Ainda, normas foram introduzidas na ordem jurídica brasileira visando à implementação de políticas públicas constitucionalmente estabelecidas, alcançando as licitações e contratações regulamentadas pelo regime geral como, por exemplo, as que estabelecem: o tratamento diferenciado às entidades de menor porte; a aplicação de margem de preferência a produtos manufaturados e serviços nacionais que atendam a normas técnicas brasileiras; exigências, como requisitos de habilitação, de declaração de que o licitante não emprega menor em situação irregular e de regularidade trabalhista; benefícios decorrentes do cumprimento da reserva de cargos prevista em lei para pessoa com deficiência ou para reabilitado da Previdência Social; e a promoção do desenvolvimento nacional sustentável.
Mantiveram-se inalteráveis, no texto da Lei, as modalidades licitatórias originais: concorrência, tomada de preços, convite, concurso e leilão.
Importante registro é o de que os valores aplicáveis à definição das modalidades licitatórias (concorrência, tomada de preços e convite) foram atualizados no ano de 1998, ou seja, há 20 anos, nada obstante o art. 120 da Lei nº 8.666/1993 autorizar o Poder Executivo Federal a revisá-los, anualmente, observada a variação geral dos preços do mercado, no período.
3. Introdução da modalidade pregão no ordenamento normativo brasileiro
A experiência na utilização das modalidades convencionais previstas na Lei nº 8.666/1993 (concorrência, tomada de preços e convite) revelou a frustração quanto à desejável celeridade nas licitações processadas sob esse regime. Relacionam-se os principais motivos: o exame dos documentos de habilitação de todos os participantes do certame; a fase de habilitação antecedendo a de exame e julgamento de propostas; a análise das propostas de todos os licitantes habilitados; a existência de duas fases recursais; e os longos prazos mínimos exigidos entre a publicação dos avisos de editais e a realização dos eventos.
A idealização de um novo modelo de licitação, mais célere, fez-se necessária.
Foi publicada, então, a Medida Provisória nº 2.182-18/01, instituidora, no âmbito da União, Estados, Distrito Federal e Municípios, nos termos do art. 37, inciso XXI, da Constituição Federal, da modalidade licitatória denominada pregão, cabível para a contratação de bens e serviços classificados como comuns. Veio a ser convertida na Lei nº 10.520/2002, cujo art. 2º, §1º, prevê a possibilidade de realização do pregão mediante a utilização de recursos de tecnologia da informação, consoante regulamentação específica.

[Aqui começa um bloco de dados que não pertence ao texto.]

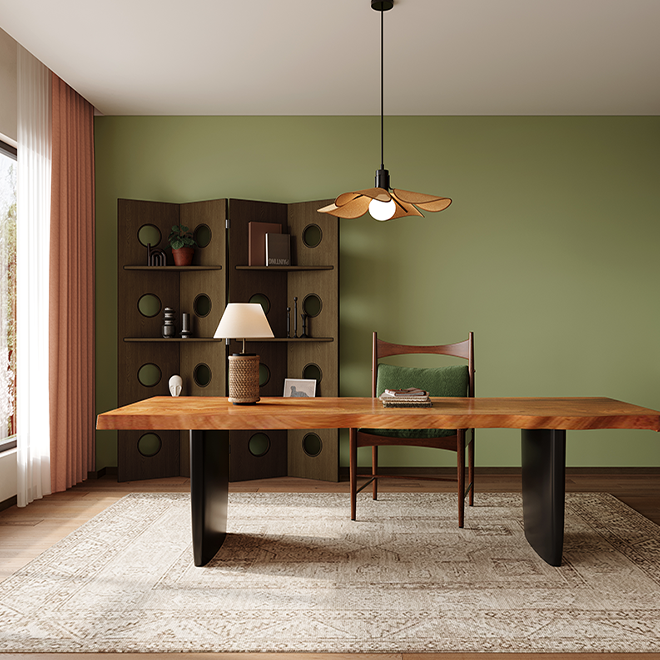 Bevictor伟德官网-韦德(中国)体育-伟大始于1946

Suas principais caraterísticas podem ser assim resumidas: cabimento qualquer que seja o valor estimado do bem ou serviço, desde que seja comum; inversão das etapas de habilitação e de julgamento de propostas de preço, passando esta a ocorrer antes daquela; exame dos documentos de habilitação apenas do licitante cuja proposta foi classificada em primeiro lugar; disputa de preços através de lances sucessivos, em forma verbal (pregão presencial) ou por via eletrônica; interposição de recurso administrativo após a fase de habilitação; e critério de julgamento baseado, exclusivamente, no menor preço[1].
4. Regime diferenciado de contratações públicas - RDC
Passados 18 anos da vigência da Lei nº 8.666/1993, mais precisamente em 04 de agosto de 2011, foi publicada a Lei nº 12.462, instituidora do regime diferenciado de contratações públicas, inicialmente[2] concebido para atender licitações e contratos necessários à realização dos Jogos Olímpicos e Paraolímpicos de 2016, da Copa das Confederações da Federação Internacional de Futebol Associação - Fifa 2013, da Copa do Mundo Fifa 2014 e de obras de infraestrutura e de contratação de serviços para os aeroportos das capitais dos Estados da Federação distantes até 350 km (trezentos e cinquenta quilômetros) das cidades sedes dos mundiais.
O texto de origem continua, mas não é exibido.